Joseph Stead, Christian Aid’s Senior Adviser on Economic Justice, warned that compulsory binding arbitration could stack the international tax system yet further against people living in poverty.

“Not content with failing adequately to engage developing countries in the process of international reform of the rules on taxing multinational companies, it now seems that the G7 is keen to tell developing countries that they should also forfeit all power over how the new rules should be applied,” he said. 

“The G8’s Lough Erne declaration in 2013 referred to ‘restoring confidence in the fairness…of our international tax rules’ and seeking ‘to ensure…that developing countries are able to secure the benefits of progress’. That now looks dangerously close to being hot air,” added Mr Stead.

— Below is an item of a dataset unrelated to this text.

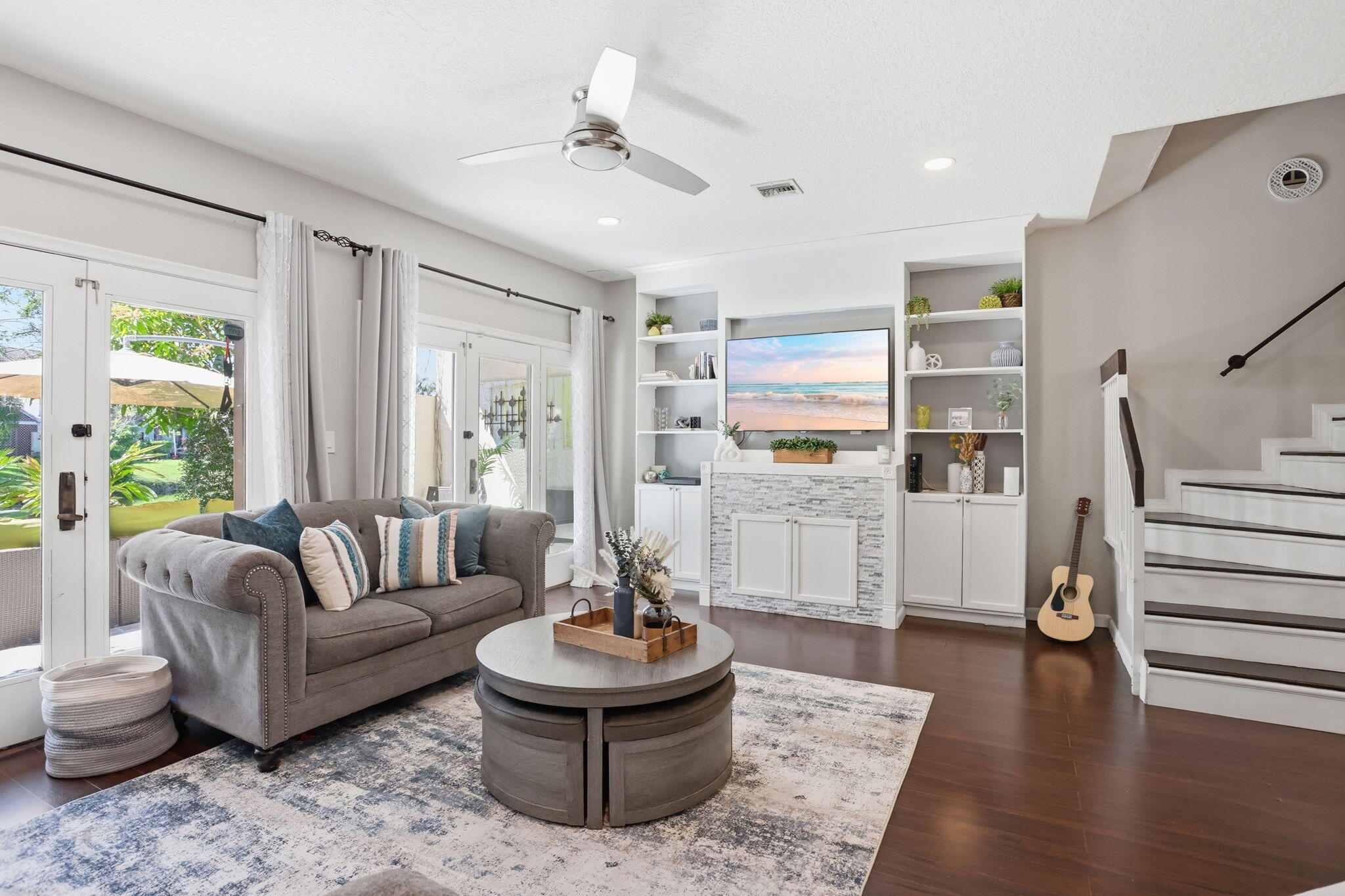 WOODLAKE SHORES - Residential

“Unless any new system of mandatory, binding arbitration is designed carefully, with the full participation of poor countries, this could be yet another way in which developed countries use their economic and political power against the developing world.”

He added that any arbitration process that works for poor countries will have three principles at heart: simplicity, transparency and affordability.  “We hope G7 governments agree and are looking to establish new models for arbitration in full collaboration with developing countries,” said Mr Stead.

“Of course, the best way to deal with disputes is to prevent them from arising. The G7’s new support for mandatory arbitration suggests an awareness that the OECD ‘BEPS’ project to catch up with multinational tax dodgers will not prevent disputes. 

“This seems realistic. Because BEPS is not looking at fundamental reform of the international corporate tax system, it will not address the root causes of problems with that system.”

Mr Stead said recommendations from the newly formed Independent Commission for the Reform of International Corporate Taxation (ICRICT) were the best way forward.

“We urge the G7 to look at the corporate tax reform recommendations from ICRICT and to start the move to a proper reform of international tax rules and norms that will work for all countries, and so reduce the number of disputes.”

Mr Stead added that there is increasing awareness of the problems that arbitration can cause in other fields, notably Investor State Dispute Resolution mechanisms in trade and investment treaties.